=== WHAT THIS TASK INVOLVES ===
Once you find the line with "OLVIDANZA Y ATREVIMIENTO" in the data below, transcribe exactly each line from there to the line with "Pieczona owsianka z jabłkiem i cynamonem", inclusive, and nothing else. Drop the pictures.

Data items:
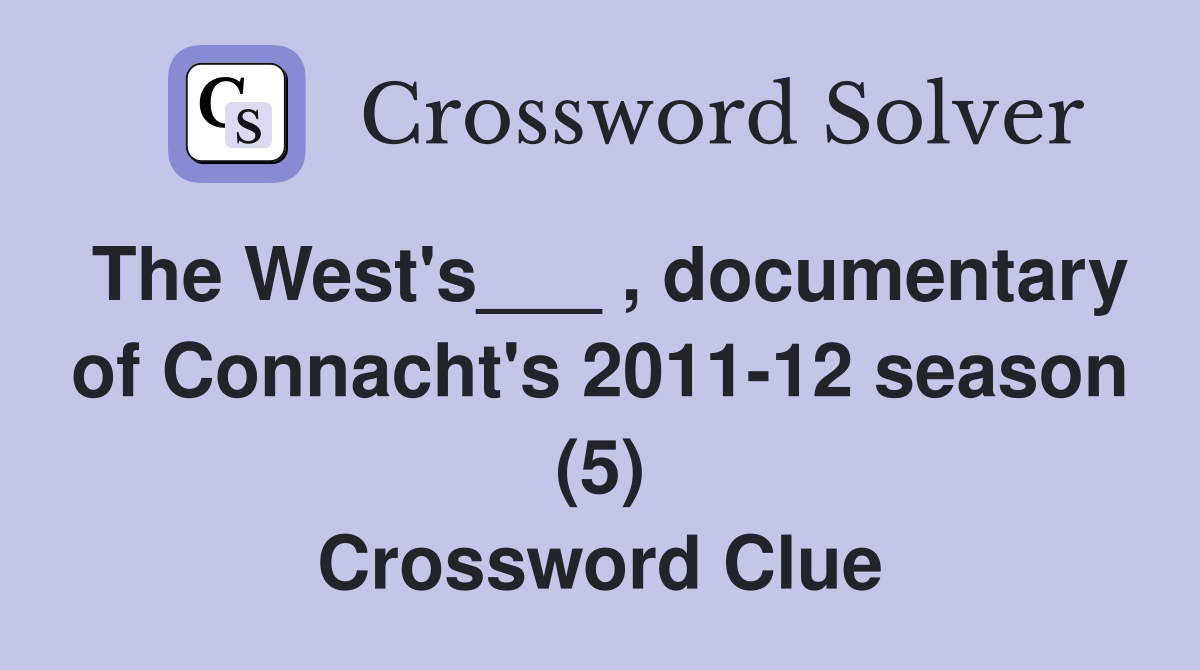 The West's___ , documentary of Connacht's 2011-12 season (5) Crossword Clue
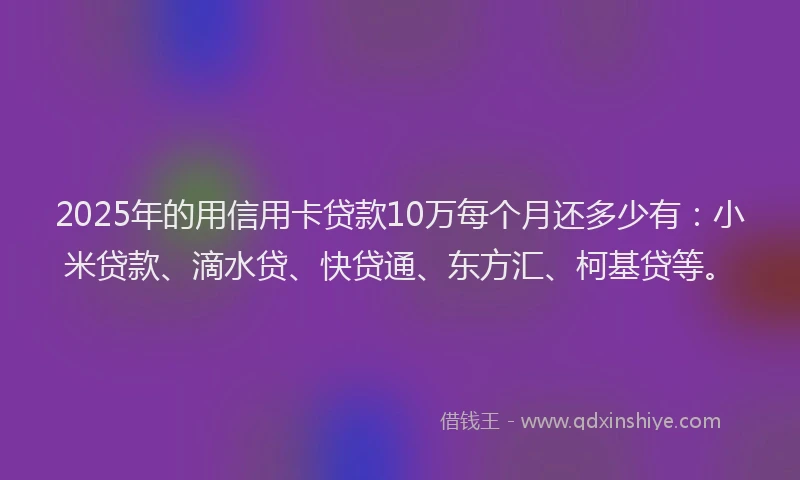 2025年的用信用卡贷款10万每个月还多少有：小米贷款、滴水贷、快贷通、东方汇、柯基贷等。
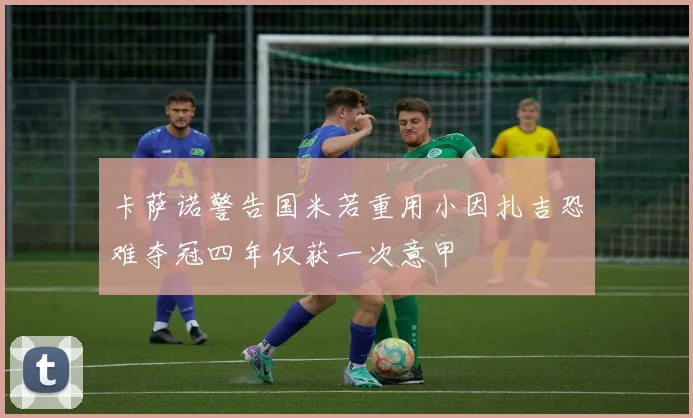 卡萨诺警告国米若重用小因扎吉恐难夺冠四年仅获一次意甲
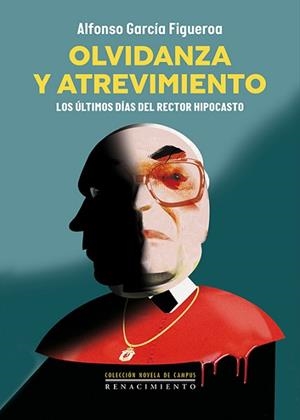 OLVIDANZA Y ATREVIMIENTO | 9791387552992 | GARCÍA FIGUEROA, ALFONSO | Llibreria Geli - Llibreria Online de Girona - Comprar llibres en català i castellà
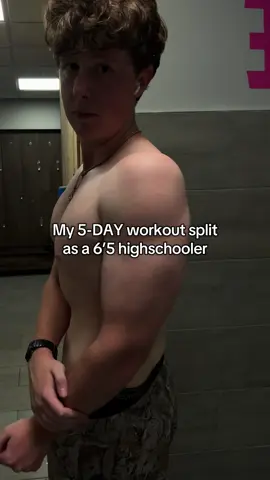 5 day workout split as a highschooler #workoutsplit #5dayworkoutsplit #highschool #tall #gym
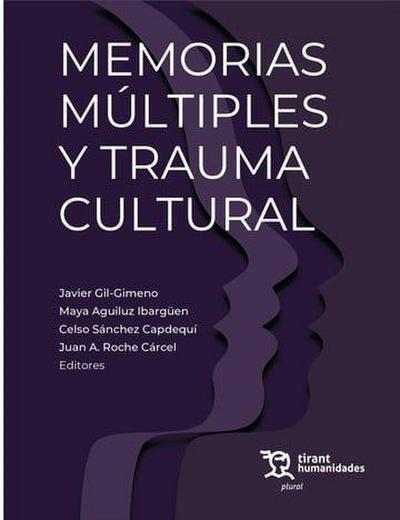 Memorias múltiples y trauma cultural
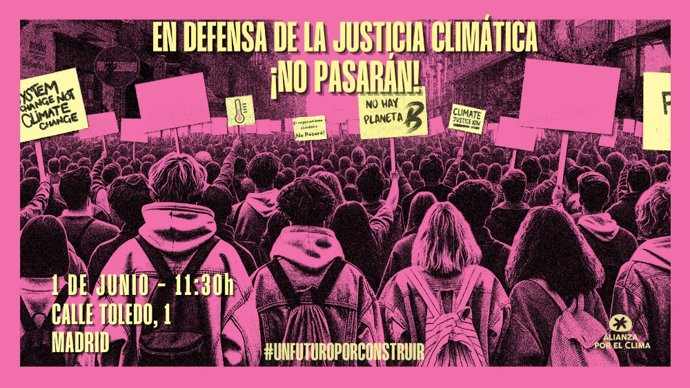 La Alianza por el Clima convoca una manifestación por la justicia climática el 1 de junio en la Plaza Mayor de Madrid.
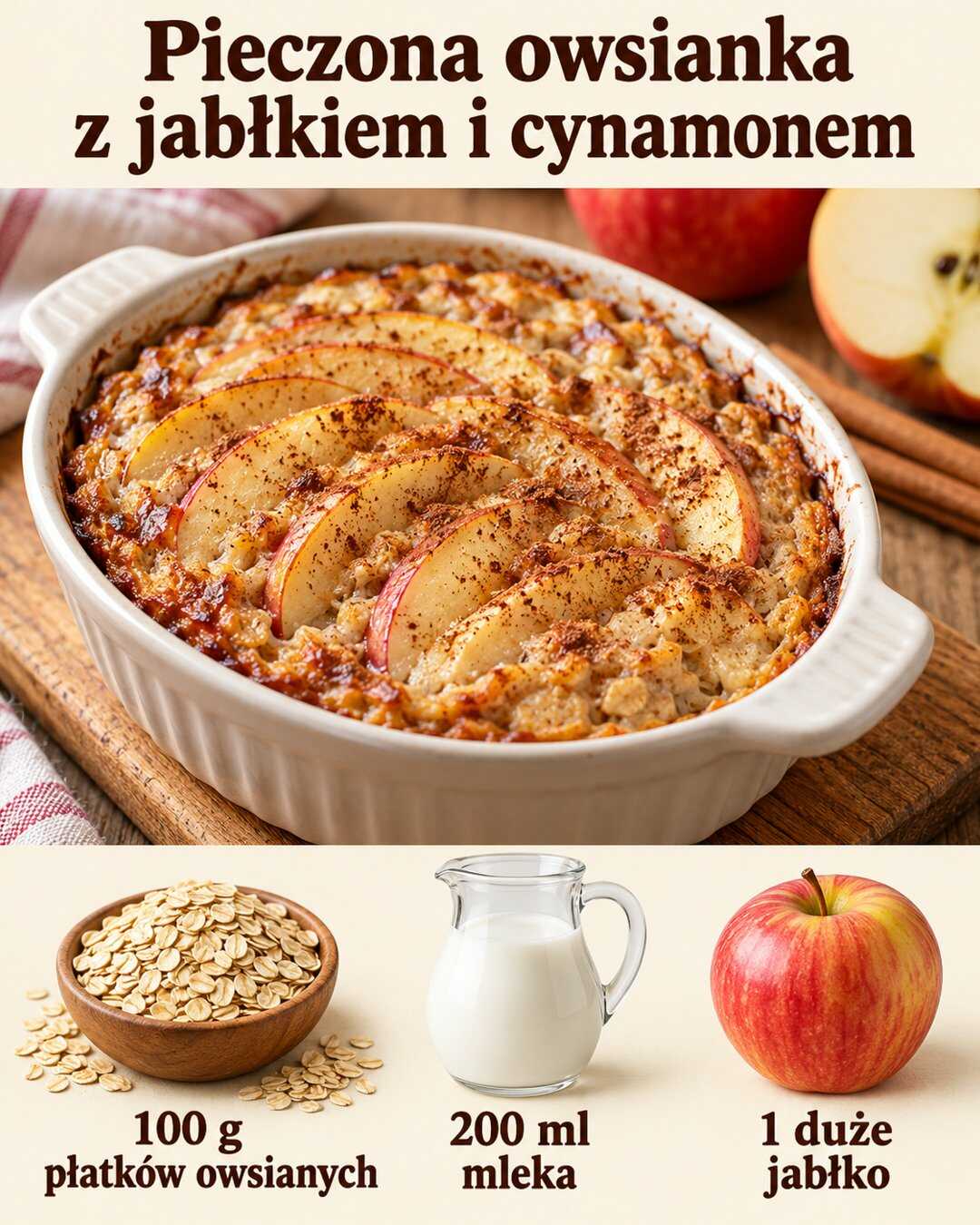 Pieczona owsianka z jabłkiem i cynamonem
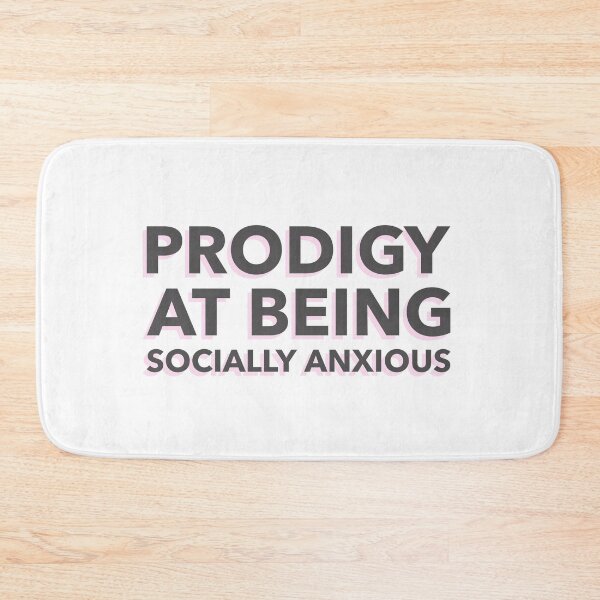 Item preview, Social Anxiety: Prodigy at Being Socially Anxious  designed and sold by Danny Slebodnick.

=== THE ANSWER ===
 OLVIDANZA Y ATREVIMIENTO | 9791387552992 | GARCÍA FIGUEROA, ALFONSO | Llibreria Geli - Llibreria Online de Girona - Comprar llibres en català i castellà
 5 day workout split as a highschooler #workoutsplit #5dayworkoutsplit #highschool #tall #gym
 Memorias múltiples y trauma cultural
 La Alianza por el Clima convoca una manifestación por la justicia climática el 1 de junio en la Plaza Mayor de Madrid.
 Pieczona owsianka z jabłkiem i cynamonem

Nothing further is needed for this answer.